*** Opening INFORMATION GIVEN ***

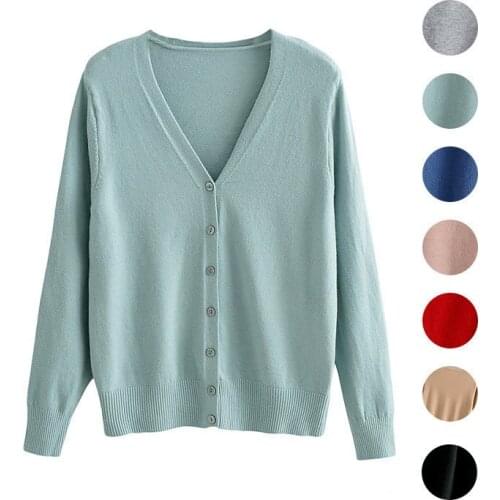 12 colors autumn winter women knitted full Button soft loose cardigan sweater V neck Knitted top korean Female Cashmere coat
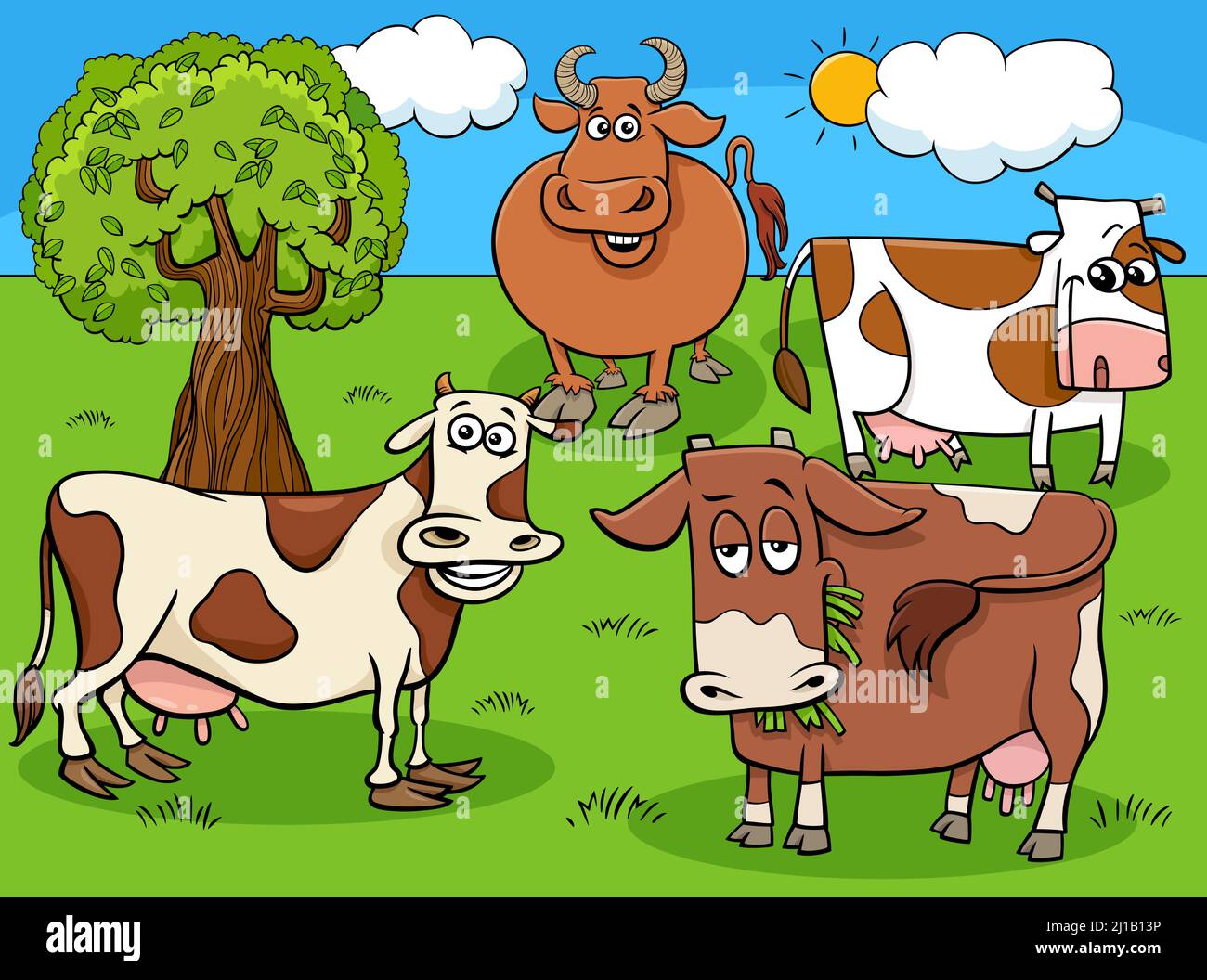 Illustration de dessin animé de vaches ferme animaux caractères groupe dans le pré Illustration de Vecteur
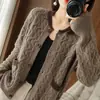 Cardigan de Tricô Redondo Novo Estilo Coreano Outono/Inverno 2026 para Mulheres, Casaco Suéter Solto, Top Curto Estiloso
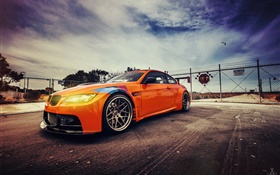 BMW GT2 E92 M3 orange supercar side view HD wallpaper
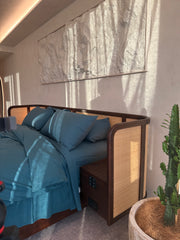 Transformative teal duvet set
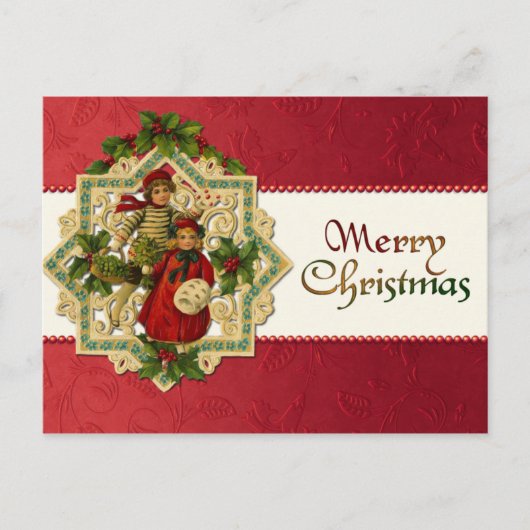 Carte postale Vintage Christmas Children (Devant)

*** Closing INFORMATION GIVEN ***

-- TASK GOAL --
Copy out the entries exactly. No pictures.

-- ANSWER --
 12 colors autumn winter women knitted full Button soft loose cardigan sweater V neck Knitted top korean Female Cashmere coat
 Illustration de dessin animé de vaches ferme animaux caractères groupe dans le pré Illustration de Vecteur
 Cardigan de Tricô Redondo Novo Estilo Coreano Outono/Inverno 2026 para Mulheres, Casaco Suéter Solto, Top Curto Estiloso
 BMW GT2 E92 M3 orange supercar side view HD wallpaper
 Transformative teal duvet set
 Carte postale Vintage Christmas Children (Devant)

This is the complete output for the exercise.